Input:
BEGIN

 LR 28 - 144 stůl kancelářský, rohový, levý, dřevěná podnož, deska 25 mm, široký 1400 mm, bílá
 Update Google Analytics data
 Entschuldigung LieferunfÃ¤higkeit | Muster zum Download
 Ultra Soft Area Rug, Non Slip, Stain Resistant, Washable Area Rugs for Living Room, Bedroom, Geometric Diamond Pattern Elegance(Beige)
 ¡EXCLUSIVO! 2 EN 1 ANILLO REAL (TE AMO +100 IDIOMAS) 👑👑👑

END
BEGIN

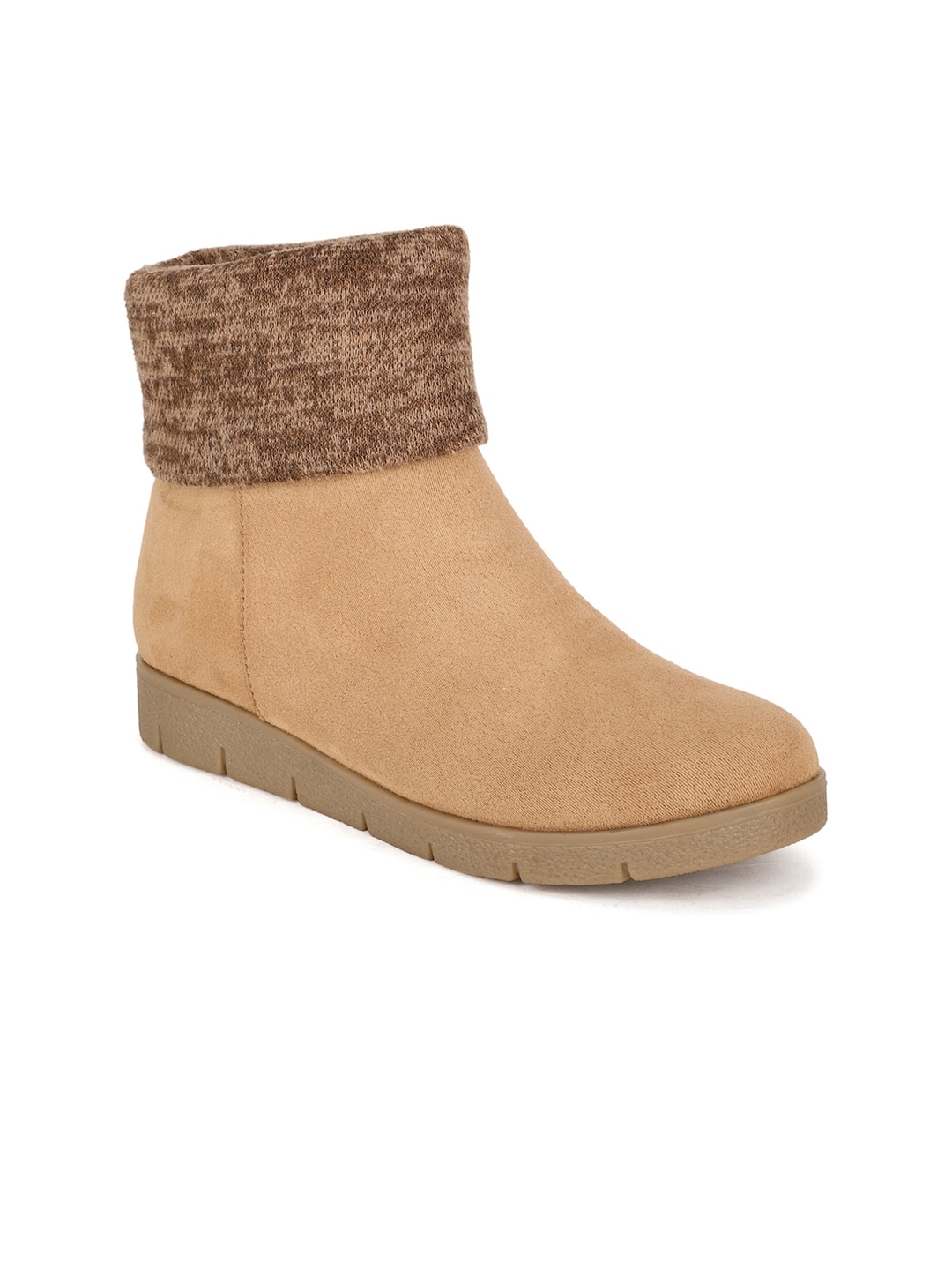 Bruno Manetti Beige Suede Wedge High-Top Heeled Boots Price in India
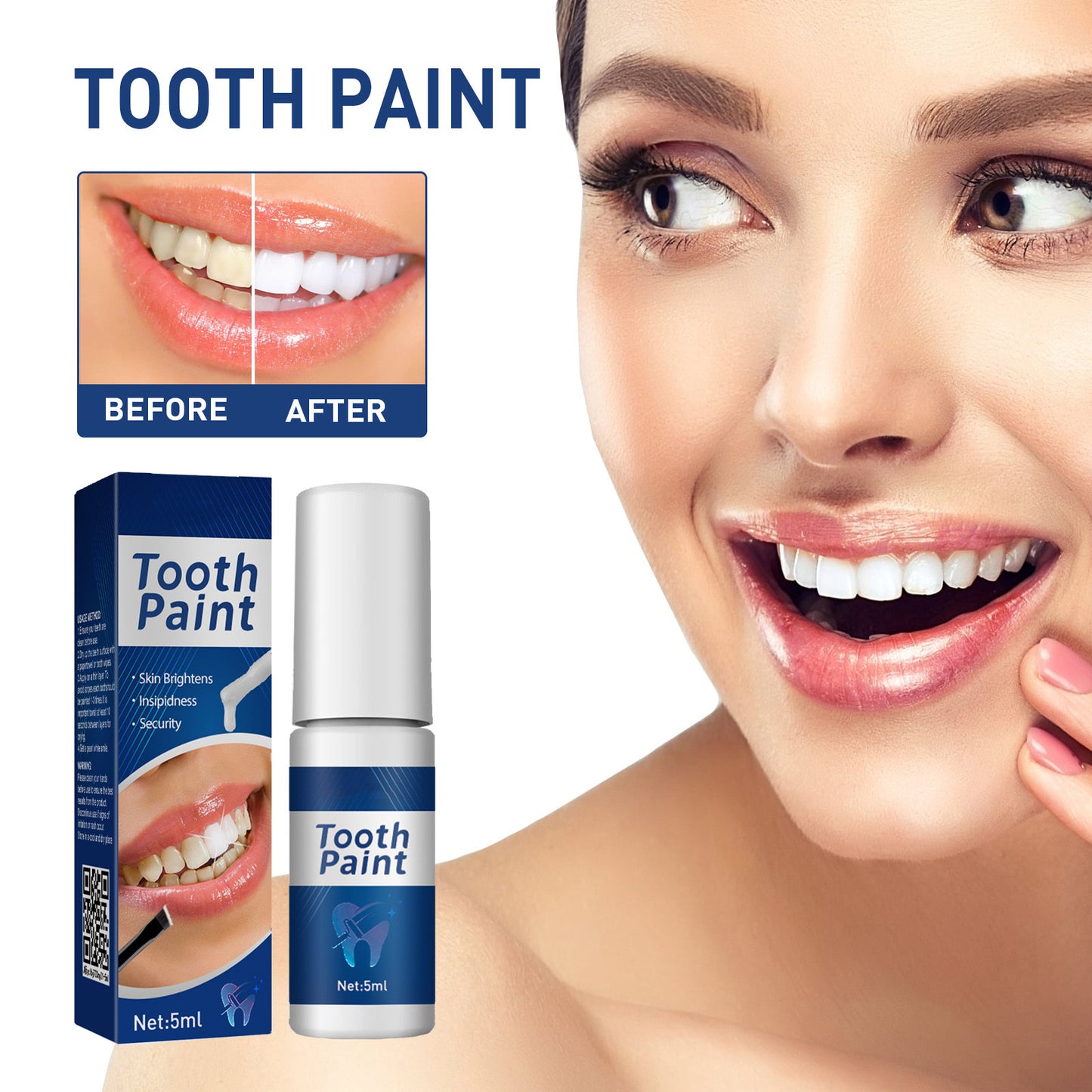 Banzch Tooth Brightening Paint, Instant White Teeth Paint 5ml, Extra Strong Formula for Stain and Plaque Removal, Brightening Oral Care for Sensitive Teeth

END

Your assignment: Please, from the entries above, set down exactly the lines from the one containing "LR 28 - 144" through the one containing "AMO +100 IDIOMAS) 👑👑👑", and only those.

Completed task:
 LR 28 - 144 stůl kancelářský, rohový, levý, dřevěná podnož, deska 25 mm, široký 1400 mm, bílá
 Update Google Analytics data
 Entschuldigung LieferunfÃ¤higkeit | Muster zum Download
 Ultra Soft Area Rug, Non Slip, Stain Resistant, Washable Area Rugs for Living Room, Bedroom, Geometric Diamond Pattern Elegance(Beige)
 ¡EXCLUSIVO! 2 EN 1 ANILLO REAL (TE AMO +100 IDIOMAS) 👑👑👑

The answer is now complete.